RECORD EXCERPTS:
▼

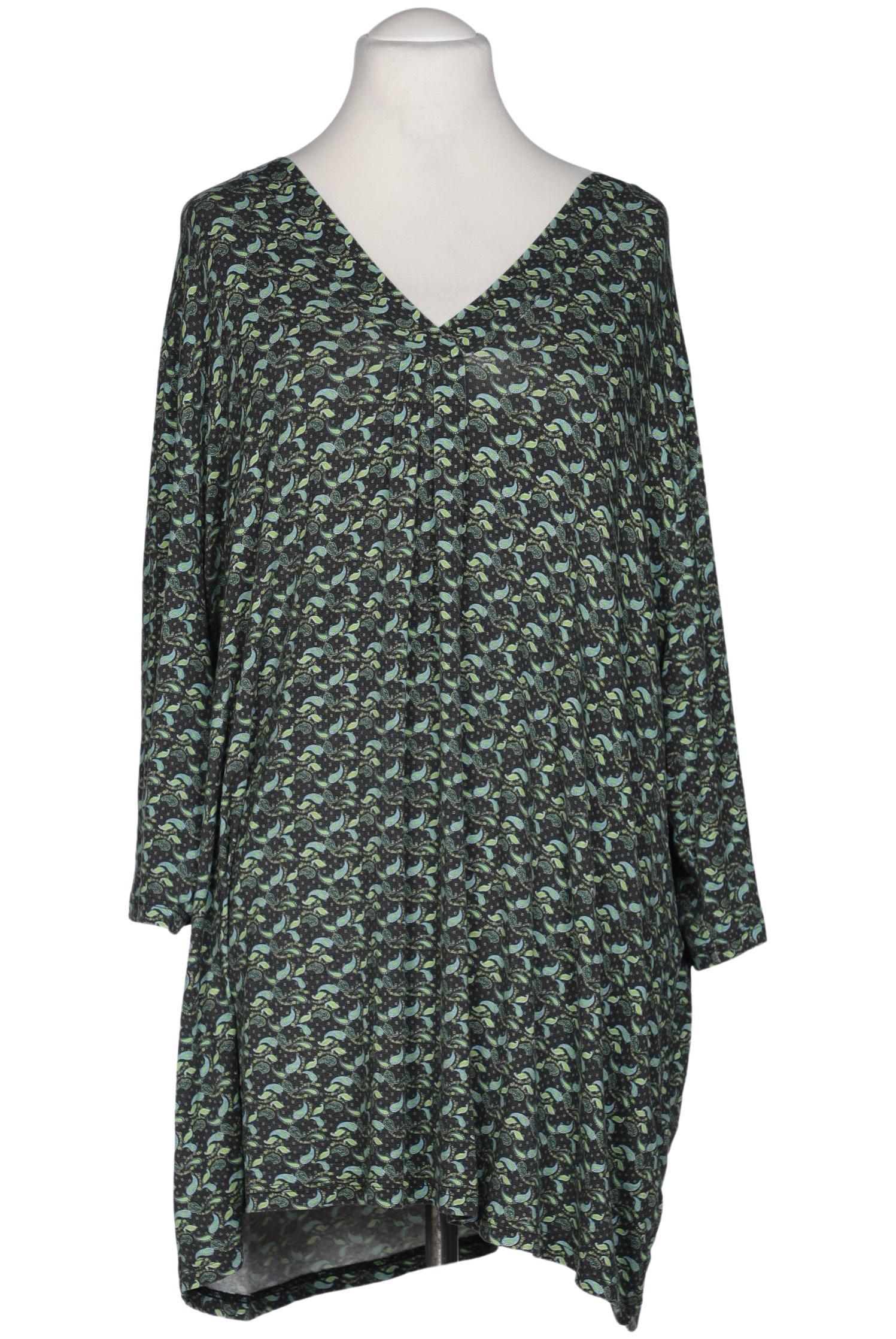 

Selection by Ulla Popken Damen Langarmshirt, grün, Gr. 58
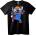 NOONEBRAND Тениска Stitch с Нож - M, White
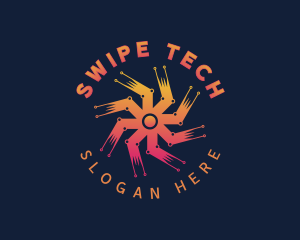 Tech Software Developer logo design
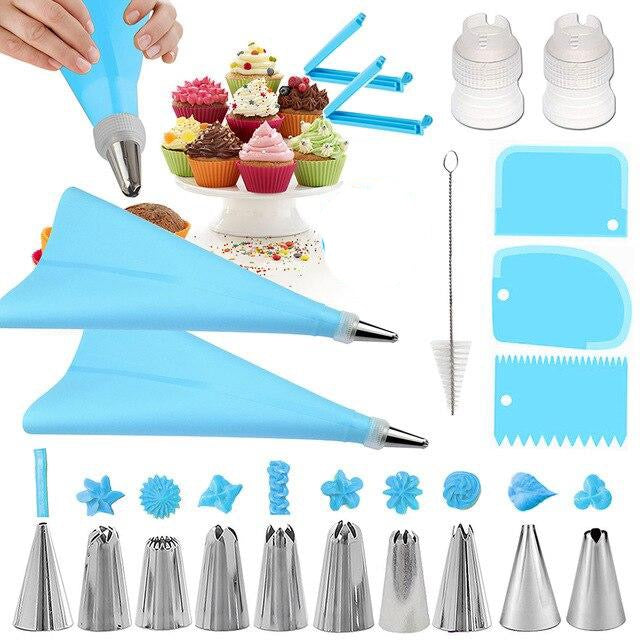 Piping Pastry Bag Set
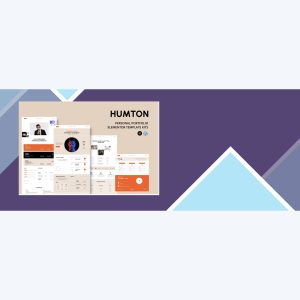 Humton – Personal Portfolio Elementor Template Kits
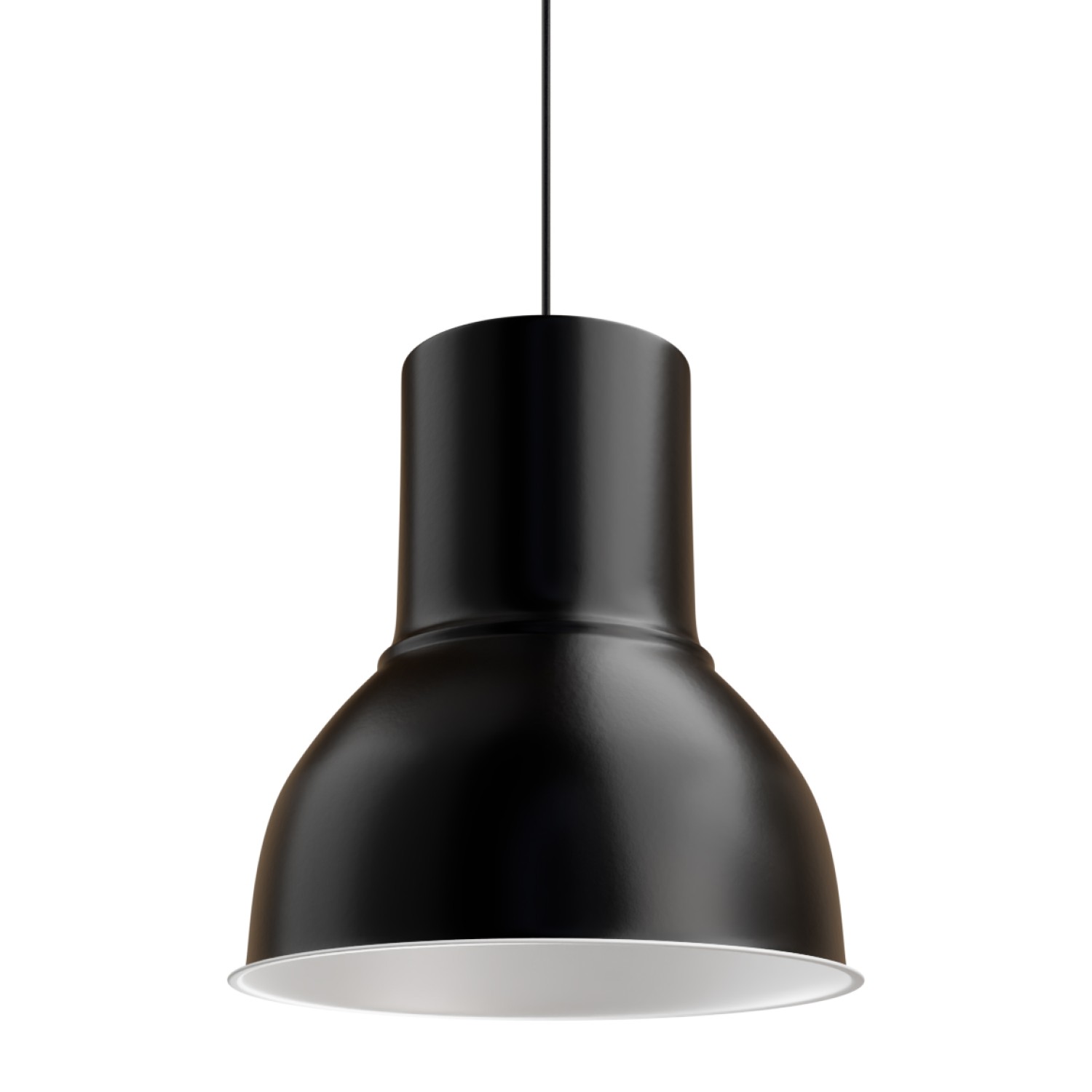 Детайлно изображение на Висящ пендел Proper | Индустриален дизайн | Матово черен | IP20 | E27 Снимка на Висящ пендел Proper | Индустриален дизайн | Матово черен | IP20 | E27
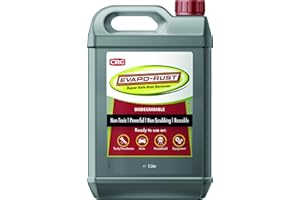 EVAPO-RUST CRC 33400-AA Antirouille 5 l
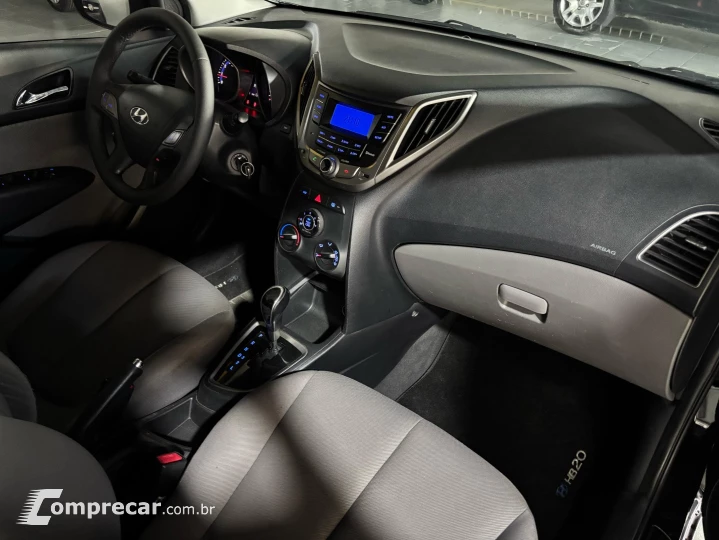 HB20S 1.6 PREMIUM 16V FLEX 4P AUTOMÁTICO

▲
▼

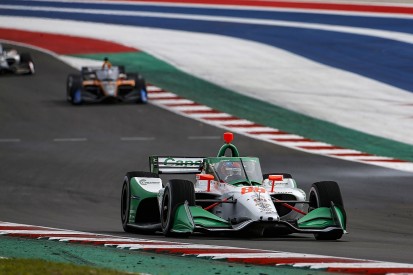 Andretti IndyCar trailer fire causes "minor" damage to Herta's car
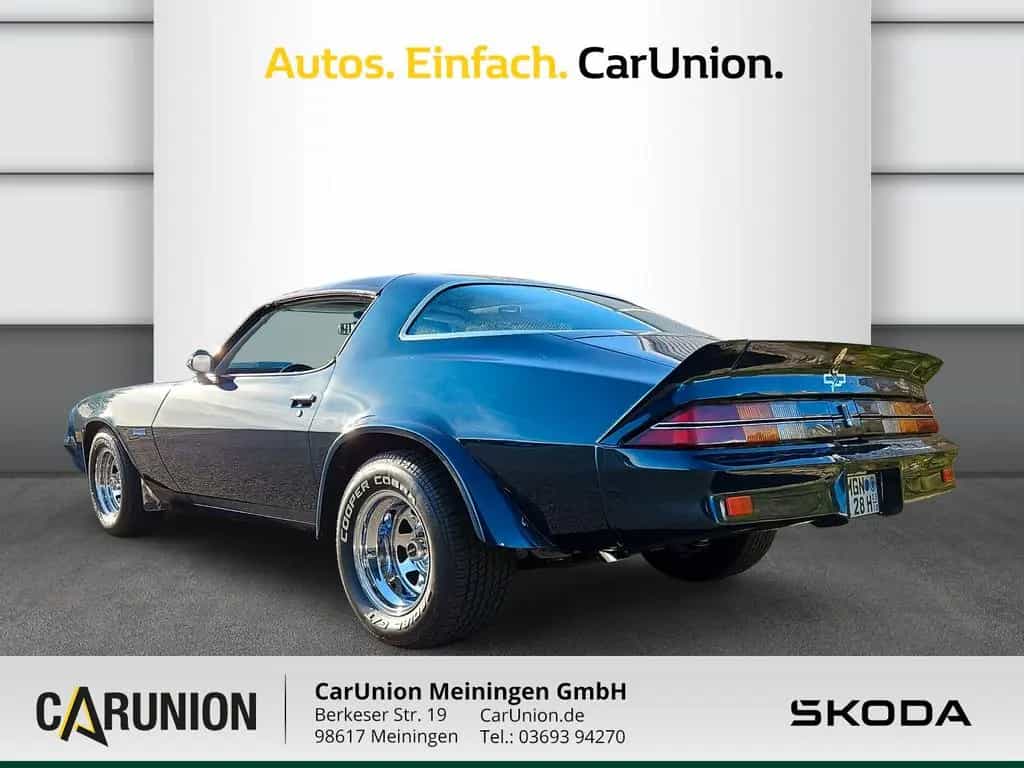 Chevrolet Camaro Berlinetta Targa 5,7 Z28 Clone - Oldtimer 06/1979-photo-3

▲
▼

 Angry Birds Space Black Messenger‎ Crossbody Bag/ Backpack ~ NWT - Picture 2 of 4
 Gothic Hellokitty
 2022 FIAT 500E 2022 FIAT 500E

▲

THE PROBLEM:
Each line in the listing above from the one containing "Angry Birds Space" through the one containing "2022 FIAT 500E 2022 FIAT 500E" should be repeated exactly, and no other line.

EXERCISE RESPONSE:
 Angry Birds Space Black Messenger‎ Crossbody Bag/ Backpack ~ NWT - Picture 2 of 4
 Gothic Hellokitty
 2022 FIAT 500E 2022 FIAT 500E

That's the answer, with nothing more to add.